## TASK
Your answer must be the full listing, reproduced word for word.
☆ ☆ ☆ ☆
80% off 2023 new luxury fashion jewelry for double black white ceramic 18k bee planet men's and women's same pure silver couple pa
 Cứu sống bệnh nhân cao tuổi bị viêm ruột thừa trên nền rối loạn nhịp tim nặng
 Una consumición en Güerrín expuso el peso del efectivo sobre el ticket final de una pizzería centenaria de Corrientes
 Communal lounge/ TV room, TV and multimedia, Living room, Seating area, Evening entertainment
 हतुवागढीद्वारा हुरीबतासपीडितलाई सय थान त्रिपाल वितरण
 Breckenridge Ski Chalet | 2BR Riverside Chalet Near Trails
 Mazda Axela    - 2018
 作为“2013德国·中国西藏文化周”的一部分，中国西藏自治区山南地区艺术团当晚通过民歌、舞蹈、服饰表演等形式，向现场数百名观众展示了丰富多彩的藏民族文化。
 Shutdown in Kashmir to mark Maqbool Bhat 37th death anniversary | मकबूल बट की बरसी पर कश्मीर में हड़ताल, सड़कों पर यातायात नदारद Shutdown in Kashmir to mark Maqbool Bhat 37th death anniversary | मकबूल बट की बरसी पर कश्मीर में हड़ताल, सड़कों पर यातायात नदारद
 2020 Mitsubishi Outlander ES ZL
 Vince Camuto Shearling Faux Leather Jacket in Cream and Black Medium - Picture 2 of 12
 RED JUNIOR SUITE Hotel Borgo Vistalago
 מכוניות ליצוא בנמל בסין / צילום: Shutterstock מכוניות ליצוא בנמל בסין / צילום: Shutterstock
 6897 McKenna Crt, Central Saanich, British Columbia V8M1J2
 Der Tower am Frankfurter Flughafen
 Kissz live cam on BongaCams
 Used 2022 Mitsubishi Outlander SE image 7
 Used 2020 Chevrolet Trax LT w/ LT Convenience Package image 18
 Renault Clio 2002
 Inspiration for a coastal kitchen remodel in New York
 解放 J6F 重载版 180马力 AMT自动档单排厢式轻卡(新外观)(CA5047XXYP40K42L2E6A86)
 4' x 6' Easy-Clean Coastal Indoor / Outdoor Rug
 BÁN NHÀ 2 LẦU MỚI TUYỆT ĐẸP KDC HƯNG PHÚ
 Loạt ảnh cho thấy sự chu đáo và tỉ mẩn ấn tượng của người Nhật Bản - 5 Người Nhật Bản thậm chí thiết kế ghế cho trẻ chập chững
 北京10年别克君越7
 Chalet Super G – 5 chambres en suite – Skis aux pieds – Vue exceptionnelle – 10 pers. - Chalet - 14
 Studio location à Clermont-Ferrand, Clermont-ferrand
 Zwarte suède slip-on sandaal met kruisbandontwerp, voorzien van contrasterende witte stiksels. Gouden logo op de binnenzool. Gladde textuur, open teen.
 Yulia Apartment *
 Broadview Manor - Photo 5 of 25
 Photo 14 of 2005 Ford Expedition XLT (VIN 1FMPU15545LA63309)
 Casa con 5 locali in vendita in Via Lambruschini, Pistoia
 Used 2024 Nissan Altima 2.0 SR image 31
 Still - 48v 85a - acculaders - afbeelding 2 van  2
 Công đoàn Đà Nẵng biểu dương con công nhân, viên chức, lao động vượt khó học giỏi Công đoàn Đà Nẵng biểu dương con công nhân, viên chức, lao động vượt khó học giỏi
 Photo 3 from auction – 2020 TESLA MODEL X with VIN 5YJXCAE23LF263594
☆ ☆ ☆ ☆
## EXERCISE SOLUTION
80% off 2023 new luxury fashion jewelry for double black white ceramic 18k bee planet men's and women's same pure silver couple pa
 Cứu sống bệnh nhân cao tuổi bị viêm ruột thừa trên nền rối loạn nhịp tim nặng
 Una consumición en Güerrín expuso el peso del efectivo sobre el ticket final de una pizzería centenaria de Corrientes
 Communal lounge/ TV room, TV and multimedia, Living room, Seating area, Evening entertainment
 हतुवागढीद्वारा हुरीबतासपीडितलाई सय थान त्रिपाल वितरण
 Breckenridge Ski Chalet | 2BR Riverside Chalet Near Trails
 Mazda Axela    - 2018
 作为“2013德国·中国西藏文化周”的一部分，中国西藏自治区山南地区艺术团当晚通过民歌、舞蹈、服饰表演等形式，向现场数百名观众展示了丰富多彩的藏民族文化。
 Shutdown in Kashmir to mark Maqbool Bhat 37th death anniversary | मकबूल बट की बरसी पर कश्मीर में हड़ताल, सड़कों पर यातायात नदारद Shutdown in Kashmir to mark Maqbool Bhat 37th death anniversary | मकबूल बट की बरसी पर कश्मीर में हड़ताल, सड़कों पर यातायात नदारद
 2020 Mitsubishi Outlander ES ZL
 Vince Camuto Shearling Faux Leather Jacket in Cream and Black Medium - Picture 2 of 12
 RED JUNIOR SUITE Hotel Borgo Vistalago
 מכוניות ליצוא בנמל בסין / צילום: Shutterstock מכוניות ליצוא בנמל בסין / צילום: Shutterstock
 6897 McKenna Crt, Central Saanich, British Columbia V8M1J2
 Der Tower am Frankfurter Flughafen
 Kissz live cam on BongaCams
 Used 2022 Mitsubishi Outlander SE image 7
 Used 2020 Chevrolet Trax LT w/ LT Convenience Package image 18
 Renault Clio 2002
 Inspiration for a coastal kitchen remodel in New York
 解放 J6F 重载版 180马力 AMT自动档单排厢式轻卡(新外观)(CA5047XXYP40K42L2E6A86)
 4' x 6' Easy-Clean Coastal Indoor / Outdoor Rug
 BÁN NHÀ 2 LẦU MỚI TUYỆT ĐẸP KDC HƯNG PHÚ
 Loạt ảnh cho thấy sự chu đáo và tỉ mẩn ấn tượng của người Nhật Bản - 5 Người Nhật Bản thậm chí thiết kế ghế cho trẻ chập chững
 北京10年别克君越7
 Chalet Super G – 5 chambres en suite – Skis aux pieds – Vue exceptionnelle – 10 pers. - Chalet - 14
 Studio location à Clermont-Ferrand, Clermont-ferrand
 Zwarte suède slip-on sandaal met kruisbandontwerp, voorzien van contrasterende witte stiksels. Gouden logo op de binnenzool. Gladde textuur, open teen.
 Yulia Apartment *
 Broadview Manor - Photo 5 of 25
 Photo 14 of 2005 Ford Expedition XLT (VIN 1FMPU15545LA63309)
 Casa con 5 locali in vendita in Via Lambruschini, Pistoia
 Used 2024 Nissan Altima 2.0 SR image 31
 Still - 48v 85a - acculaders - afbeelding 2 van  2
 Công đoàn Đà Nẵng biểu dương con công nhân, viên chức, lao động vượt khó học giỏi Công đoàn Đà Nẵng biểu dương con công nhân, viên chức, lao động vượt khó học giỏi
 Photo 3 from auction – 2020 TESLA MODEL X with VIN 5YJXCAE23LF263594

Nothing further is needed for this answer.